The presented results clearly reveal that damage in crystalline materials is governed by various coupled—partly competing and partly enhancing—mechanisms and the interactions between them. As an example, the crystallographic orientation determines the primary growing crack around the sphere-shaped void which in turn results in higher stresses on initially slower propagating cracks. Hence, fully coupled damage and crystal plasticity modeling approaches are indeed required to capture the influence of stress re-distribution and slip system activation. For a complex-shaped pore, the absolute levels of stress at failure can depend on crystallographic orientation while the location of crack initiation is fully determined by the shape of the pore.

Conclusion and Outlook

The results presented here enable a qualitative understanding of the fracture around voids embedded in a metal matrix. For obtaining quantitative results under quasi-static loading conditions, a more detailed crystal plasticity model and/or extensive parameter fitting to experimental results would be required. However, additional effects such as the influence of in-grain crystallographic scatter, orientation gradients, or the interaction between multiple inclusions and/or multiple grains, can be easily investigated with the present approach, where it should be noted, however, that the latter would require the use of significantly larger volume elements and, hence, increased computational efforts.

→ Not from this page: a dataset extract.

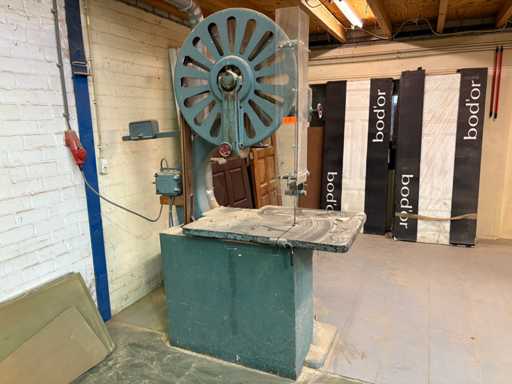 NEEMAF - Band saw machine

For a strong coupling between experimental and simulated results, determination of the crystallographic orientation is an essential prerequisite. While serial sectioning electron backscatter diffraction techniques allow the characterization of crystallographic orientation including the above-mentioned in-grain orientation scatter,39 they prohibit subsequent experiments. Synchrotron measurements, in contrast, can determine polycrystaline microstructures at high spatial resolution in a non-destructive manner.40 As an alternative available at laboratory scales, a diffraction contrast tomography enhancement for the current \(\mu \)-CT system (known as LabDCT41) enables non-destructive characterization of individual grains, however at the cost of having only grain average orientation information.

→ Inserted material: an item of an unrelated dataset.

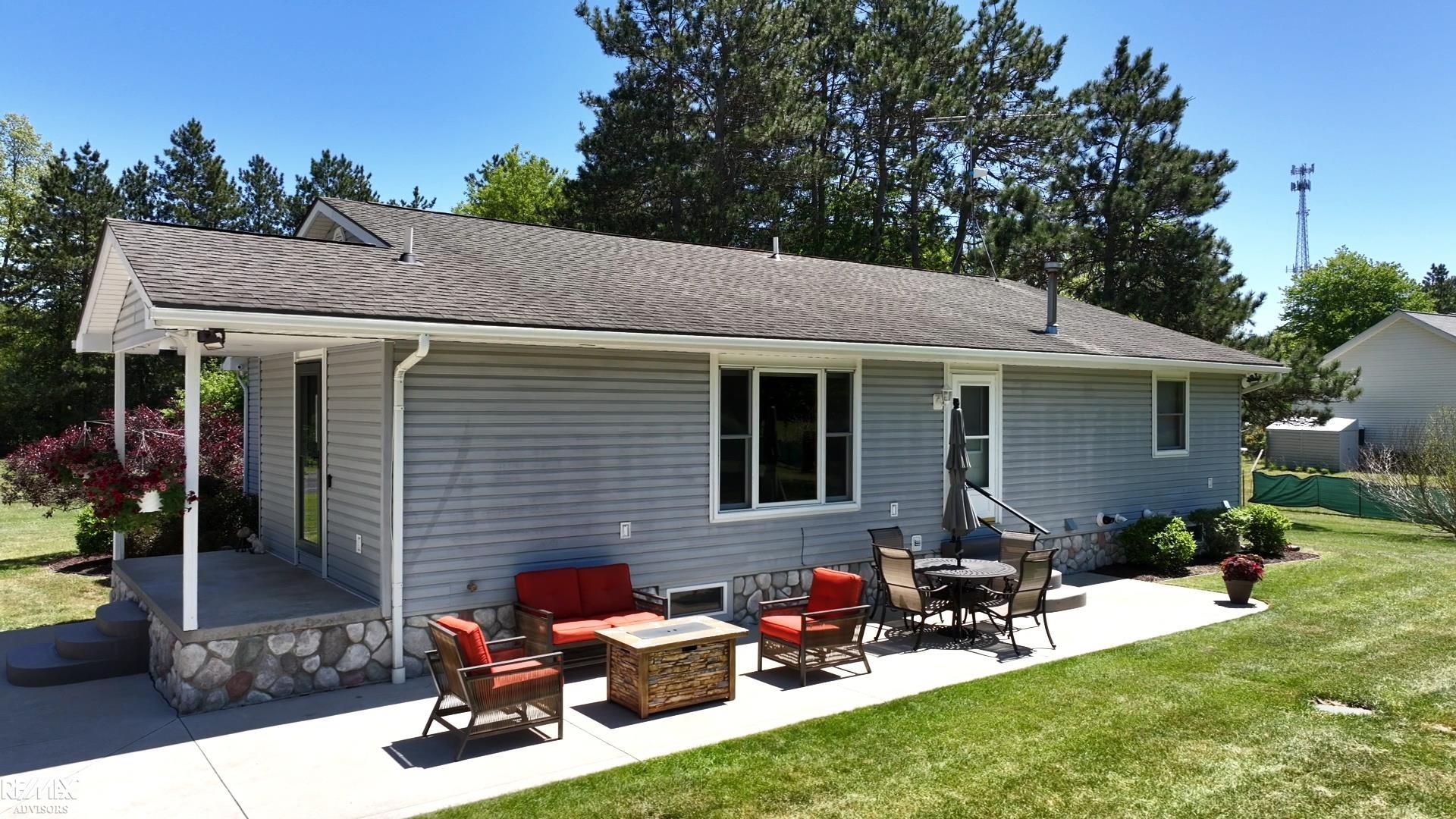 4299 Rabidue Road North Street, MI 48049 - Photo 6 of 86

Even though damage is often modeled assuming an isotropic constitutive behavior, not only elastic and plastic properties of crystals depend on their orientation but also the damage mechanism itself. The use of cleavage plane-based formulations for anisotropic brittle fracture10 would enable the investigation of such effects. Alternatively, if ductile damage—governed by void formation and coalescence—is experimentally observed, these phenomena should be directly modeled to replace the brittle damage model employed here.

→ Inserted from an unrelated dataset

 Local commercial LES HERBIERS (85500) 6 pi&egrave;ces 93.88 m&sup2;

Finally, it should be noted that failure under quasi-static loading is not the situation typically observed for the matrix material investigated here. As it is known that, for cyclic loading cases, dislocation-mediated void formation phenomena at the microstructural level are of importance, and can totally reverse trends observed for quasi-static loading (i.e. a spherical inclusion is more detrimental than a sharp notch), physics-based models for these processes that take crystallographic orientation into account are required.